Kevin Parent à Toronto

Si l’on parle souvent de francophones en milieu minoritaire, Kevin Parent a connu la situation inverse. Anglophone né en terre francophone, il a grandi dans le petit village de Nouvelle, en Gaspésie. Le chanteur ne renie pas ses racines, mais se déclare aussi Québécois de cœur.

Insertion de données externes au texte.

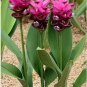 10 seeds Thailand Curcuma Seeds Called Siam Tulip
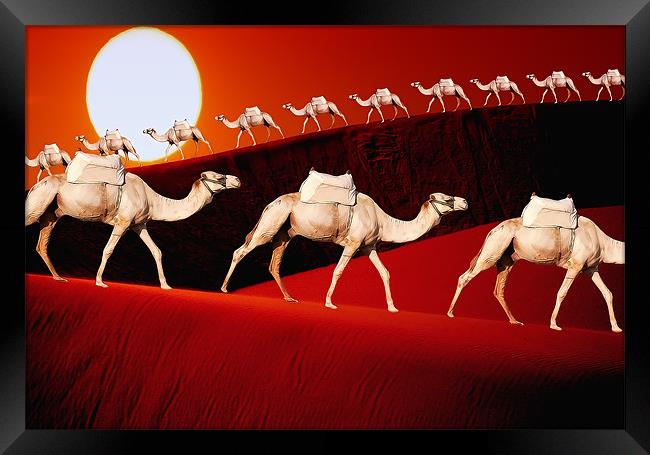 Camel Train Framed Print by Anthony Michael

Les soirs de Saint-Jean, il n’hésite pas à endosser un gilet fleurdelisé quand vient le moment de monter sur scène. «Mon berceau, c’est le Québec, dit-il en entrevue. Le public ici a été très généreux avec moi. J’ai eu la chance de faire ma part et d’obtenir un bon accueil de la part des Québécois. J’aimerais poursuivre cette relation-là et continuer d’avoir ma place là-bas.»

Parce qu’il a vécu en Gaspésie, le chanteur dit comprendre la situation des francophones, constamment menacés par la langue anglaise au Québec et partout au pays.

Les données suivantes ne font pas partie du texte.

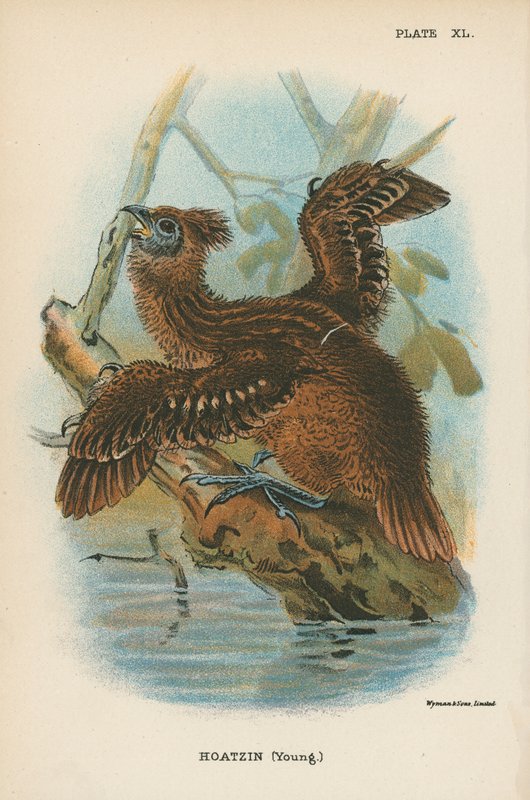 Hoatzin (ung) af English School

«J’ai moi aussi fait partie d’une minorité. La proximité d’autres francophones m’a encouragé à découvrir leur culture, dit-il. Je ne l’ai jamais prise pour acquis. Elle ne faisait pas nécessairement partie des valeurs avec lesquelles j’avais grandi et il a fallu que je l’assimile. Cependant, c’était aussi plus enrichissant de l’apprendre et de la respecter ainsi.»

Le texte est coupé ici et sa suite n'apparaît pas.